Many digital cameras these days give you the option of selecting between the camera’s ‘native’ ISO range and a special ‘extended’ (or expanded) ISO range. If you are just starting out in photography, you may be confused about what each labeling means and whether or not there is a technical difference or if it just a bit of marketing. Today we’ll be taking a look at the differences between native ISO and extended ISO ranges.
Native vs. Extended ISO Ranges
Before explaining the differences between the two ranges, it is important to know exactly what the ISO setting on a camera changes from a technical standpoint. As most people already know, increasing the ISO number makes your camera more sensitive to light, and thus able to shoot in darker environments. Your ISO setting is one of the important factors in the almighty exposure triangle, alongside your shutter speed and aperture.

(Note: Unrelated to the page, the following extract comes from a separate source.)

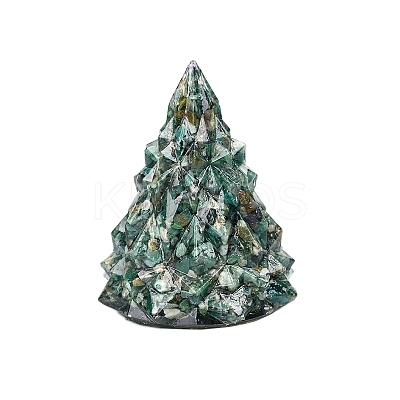 Resin Christmas Tree Display Decoration PW-WG11806-01-1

When you change the ISO on your digital camera you are adjusting the signal gain. Or putting it simply, you are changing the amount of analog amplification applied to the sensor’s reading. Each sensor’s reading can be amplified in this way a certain amount before a manufacturer deems the result unusable. This range, from the lowest amount to the highest amount, is known as the ‘native’ range.
So, what is the extended ISO range? Simply put, an extended ISO range is pushing the sensor to its maximum native ISO, then further pushing stops of light via software processing. Some cameras also have the ability to pull the sensor to its minimum native ISO, and then further decrease the stops of light. In the end, shooting with an extended ISO is the same as importing your photographs into Lightroom then pushing their exposure ahead (or behind) a few stops.
What it Means to Your Photography
As an example, let’s talk about the Fujifilm X100T; this camera is advertised as having a sensor with a ‘standard output sensitivity’ (native) ISO of 200-6400, and an ‘extended output sensitivity’ of ISO 100, 12800, 25600, and 51200. If you choose to shoot a photograph at ISO 51200, the camera is pushing the sensor to its circuitry maximum of ISO 6400 then increasing it another three stops via software.
In the end, extended ISO is almost entirely about marketing. Hearing that a camera can shoot up to ISO 51200 is quite impressive, but you aren’t purchasing a sensor that can capture light with that level of sensitivity – it is all software trickery.
Another example is Nikon’s D7200, which can shoot at an extended ISO range of 51,200 and 102,400. Both modes are merely pushing the Nikon’s sensor to its max and then pushing the rest via software. In fact, the images are so poor in quality that they are only displayed in black and white; there is that much color noise.
So, when would the extended ISO range matter versus just pushing the photo in post? You may notice that your camera may only shoot within the extended range when working with the JPEG file type and not the RAW format; this is because a RAW photo is a digital negative with minimal digital processing (although some manufactures may adjust the negative if they choose). Shooting in the extended ISO range forces the camera to digitally process your image further, which may be useful for photographers who don’t want to deal with RAW files later. If you shoot only JPEG, then the extended ISO range may be helpful, but we wouldn’t recommend it due to the sheer decrease in quality.
Update: A previous version of this article contained some errors in the technical explanations. We’d like to extend a big “thank you” to readers Zos Xavius and PIXELFLUX for the feedback they provided in improving the accuracy of this information.